I followed the path many children of immigrant families take—work hard, aim high. After graduating from Rhode Island School of Design, I became an architectural Designer in NYC, climbed the corporate ladder, made good money for 12 years. All the traditional markers of success were there, but honestly? I kept thinking about those art rooms. Something was missing—that sense of creative sanctuary I’d found as a child.
Then I became a mom, and everything clicked into focus.
I started paying attention to how we talk about creativity with children, and I was struck by how quickly we decide who’s “the creative one” and who isn’t. I’d watch art classes where kids were basically just copying examples, and I kept thinking—where’s the actual thinking? Where’s the curiosity? What if we actually treated kids like they have something meaningful to say through their art?
As someone who had been that anxious kid needing a safe space, and now as a parent watching my own child navigate these creative limitations, I realized I had to do something.
2024, I finally took the courage & left my job as a project designer in a real estate/developer company and found Whimsy Art Club. We don’t just teach art techniques—we explore big ideas through making. Instead of drawing a tree, we might talk about how trees actually communicate with each other underground, explore Indigenous symbolism, or discuss what it means to feel rooted in a place. Then we create art that reflects those deeper connections.
We use storytelling, guided questions, and open-ended materials to turn each lesson into a conversation. Our students aren’t just following steps—they’re discovering, interpreting, and expressing. Sometimes they build wearable art, sometimes they design inventions, sometimes they create protest posters.
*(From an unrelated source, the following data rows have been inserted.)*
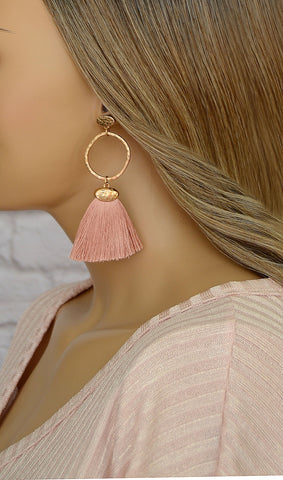 Women's Rose Gold Fringe Tassel Earrings
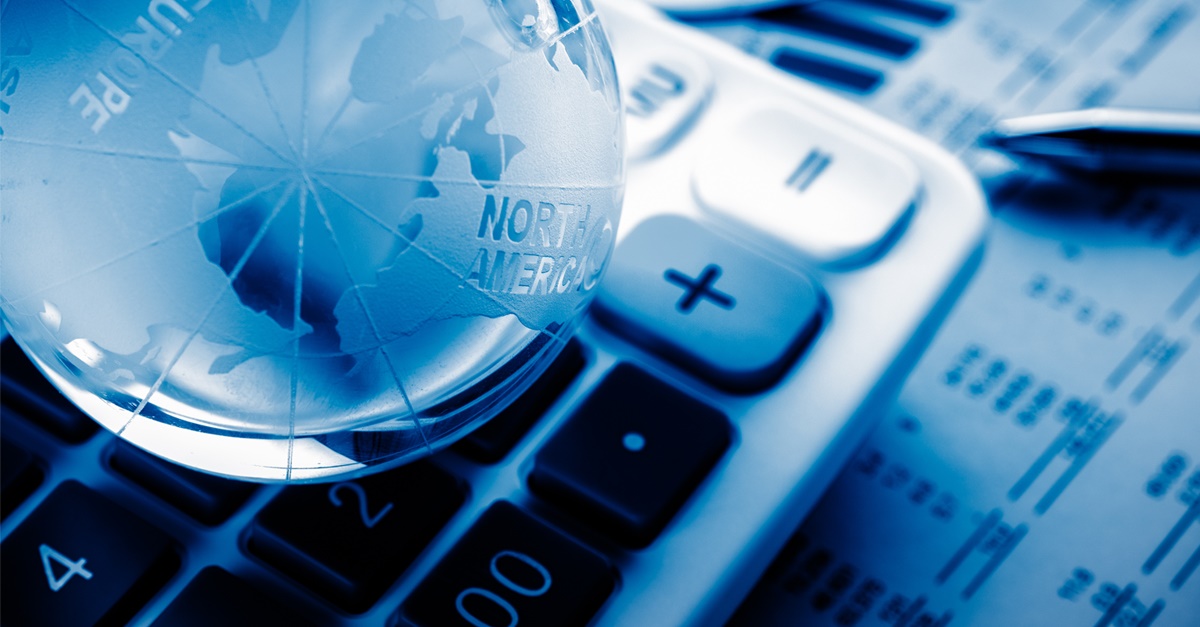 Market Analysis Scene with Globe and Calculator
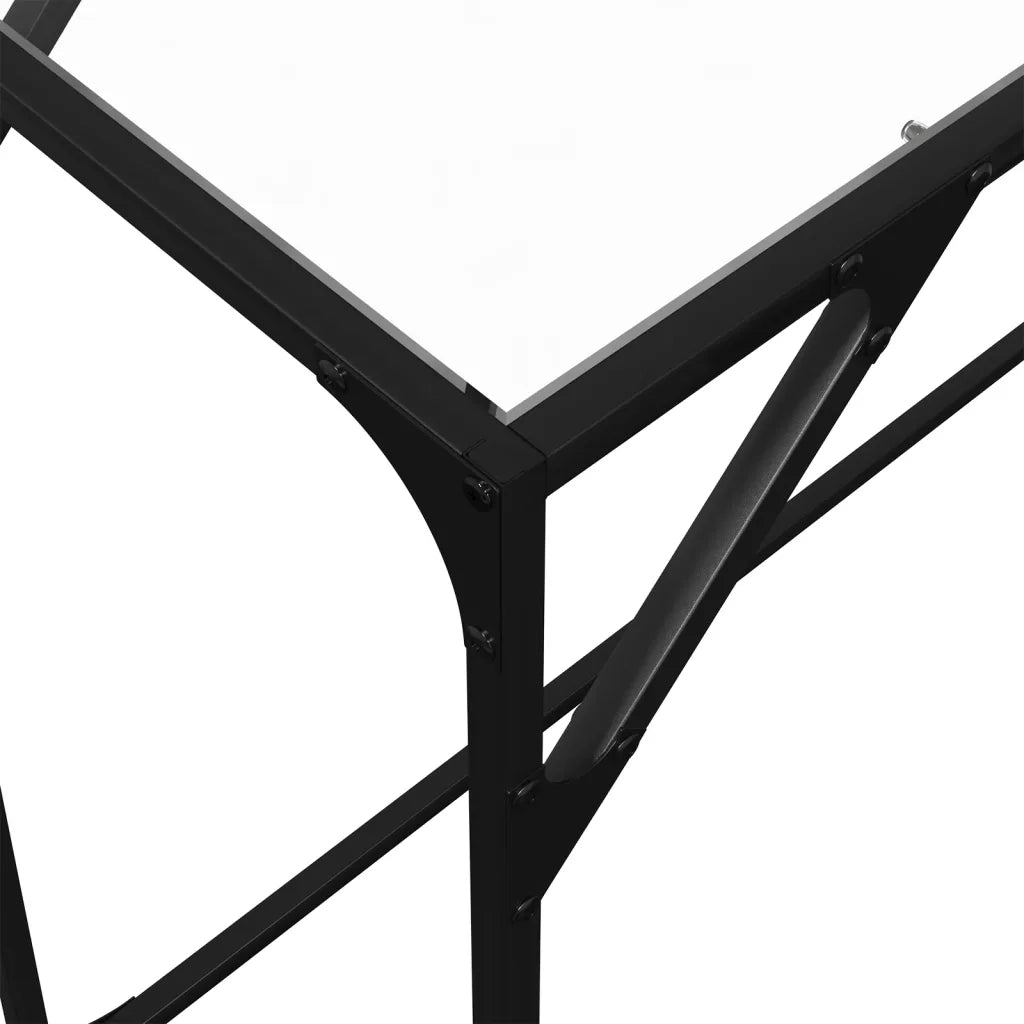 Tavolino Consolle-Tavolino da soggiorno-Tavolo Piano Vetro Trasparente 98x35x81cm in Acciaio 856730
Every class becomes an experience with real-world context.
My mission is rooted in what I needed as a child and what I see kids needing now: a warm, welcoming space where every child—whether wild, shy, loud, quiet, or mischievous—feels seen and celebrated. Where they can explore their natural abilities as philosophers, problem-solvers, and dreamers through creative thinking. Where what they create has meaning beyond the page.
Because I remember what it felt like to need that space. And I know how powerful it is to be given room to create, explore, and just be yourself.

Awesome – so before we get into the rest of our questions, can you briefly introduce yourself to our readers.
My name is Yujin & I’m the founder of Whimsy Art Club, and my path here has been anything but traditional. After 12 years as an architectural designer in NYC’s fast-paced corporate world, I found myself drawn back to the creative sanctuary I’d found in art classes as a military kid who moved constantly. That personal experience of needing belonging, combined with watching how early we label kids as “creative” or “not creative,” led me to create something different in children’s art education.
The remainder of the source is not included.